Sean HIllen presently lives and works in Dublin, where his abode is a tiny terraced house filled to the brim with musings and creativity. He comments on his kitchen, which he says is built like a galley and goes on to say ruefully that, in effect ,the bank owns his living quarters. Financial issues play on his mind and he tells the story of how the bank once sued him for monies he had borrowed against an income from the Photography Archive at the Imperial War Museum in London, funds that never materialised. He says that this lack of income became an acme of utter humiliation and he wept after finding himself in such dire straits. 

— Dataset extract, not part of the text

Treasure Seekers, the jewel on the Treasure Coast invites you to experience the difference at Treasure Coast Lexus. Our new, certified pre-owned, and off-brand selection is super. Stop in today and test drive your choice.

Inside his home, Hillen has what he terms as a ‘shrine’ to Amazing Amy, an American lady he encountered online. Amy was looking for companionship as was Sean. Together they found each other. They speak regularly and when the Covid19 worldwide lockdown occurred, Amy had just arrived to visit and was unable to return to the U.S. The result is a tender image of Amy and Sean sitting side by side, working on their individual art pieces. Hillen announces he is going to make Amy a cup of coffee. In this touching moment, the stuff of simplicity, it is clear that Sean loves Amy and she him. 

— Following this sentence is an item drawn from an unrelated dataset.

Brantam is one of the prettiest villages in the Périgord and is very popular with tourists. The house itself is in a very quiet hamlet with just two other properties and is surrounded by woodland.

Hillen makes much of his late-life diagnosis of Asperger syndrome. He narrates the story of ringing his friend Greg Dunn to speak with him and chatting to Dunn’s daughter. As she put down the phone, he heard her asking her father if he thought he, Sean, had Asbergers. Hillen recalls the news hitting him hard – he knew that he did not view the world as others did but had never delved into the reasons why – suddenly things started to make sense. He relates how people with this condition can drink to excess and are inclined towards hoarding. Hillen maintains that he is attuned to seeing uses for items that many consider worthless. He cites a broken lock as an example. For him, the damaged lock represents something inextricably sad. But just as he sees beauty in objects otherwise deemed to be without value, Sean also feels that this facet of his perspective can hold him back and prevent him from being truly productive. Hillen says that he often feels overwhelmed and without purpose. Chaos is his enemy, structure his friend. It is a double-edged sword however – deprived of the disorder, he would not be compelled to rein in the disarray that surrounds him and without that, the joy of rediscovering lost gems, could be lost in the debris. Sean is at times upbeat about his condition, and at others, depressed and down-hearted. He maintains that he makes good pictures but has failed to make a living at it. It seems that among the gnarled threads of his take on the world, Hillen can at times, see no positives.    

Arbitrarily omnipresent in the moment, Hillen’s images are filled to the brim with humour, and at times, excoriatingly brutal honesty. He speaks of the background to one picture where he photographed a march in Newry. During this era, no one was allowed to take photographs of the security forces in any capacity. Hillen clandestinely captures some images but cuts out and places a line drawing of one, Sister Maria Faustina Kowalski, now canonized, over the montage of the policemen. He captions the collage as Sr. Faustina Appears in London-Newry Miraculously Preventing the Illegal Photography of Members of the Security Forces. There is no doubt that Hillen is making an unambiguous political comment yet the artistic statements he makes, retain an all-pervasive impartiality. From one picture exposing the tail of a humpback whale flicking dangerously in the direction of a small boat in the Liffey to an image of soldiers and activists juxtaposed against images of utter incongruity – it is impossible not to see the humour in everything Hillen creates. Hillen is Banksy before the world ever knew Banksy existed. He is the original of the species in every way. Unfailingly good-natured and undoubtedly talented, Sean is a shining example of tenacity and skill that is close to genius. The world is a better place with Sean Hillen in it. 

Tomorrow is Saturday screened as part of the Galway Film Fleadh 2020 (7-12 July).